(Reuters) – Brazil’s central bank chief Roberto Campos Neto said on Monday that the volume of subsidized credit in the country has not grown to a point it would impact monetary policy.
“It has increased, but not to the extent, as of now, that will change dramatically the neutral rate,” he said, referring to the equilibrium rate that neither cools nor overheats the economy.
Speaking at an event hosted by Deutsche Bank in London, Campos Neto also noted that private debt securities benefiting from income tax exemptions have risen significantly but likewise do not impact monetary policy, as they do not constitute a credit segment insensitive to the benchmark interest rate.
Campos Neto reiterated that Brazil needs to signal fiscal measures that could be seen as a positive shock to address premium risk in interest rate futures, which he said are currently affected by lack of confidence in the sustainable management of public accounts.

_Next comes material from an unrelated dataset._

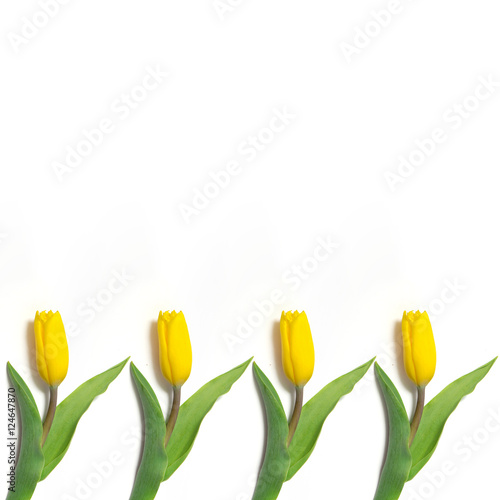 yellow tulips on a white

The central bank governor added that while he was not informed of the measures, their impact would not mechanically alter monetary policy.
However, he noted that if perceived as a positive shock, they could potentially influence the long-end of the yield curve, the exchange rate and inflation expectations.
“Those variables are important because they are part of our reaction function,” he said.
Finance Minister Fernando Haddad said that President Luiz Inacio Lula da Silva’s government would unveil measures to control mandatory expenses following the municipal elections held on Sunday.
Campos Neto also stated that inflation figures in the country have been mixed, highlighting the need for policymakers to have time to analyze the data.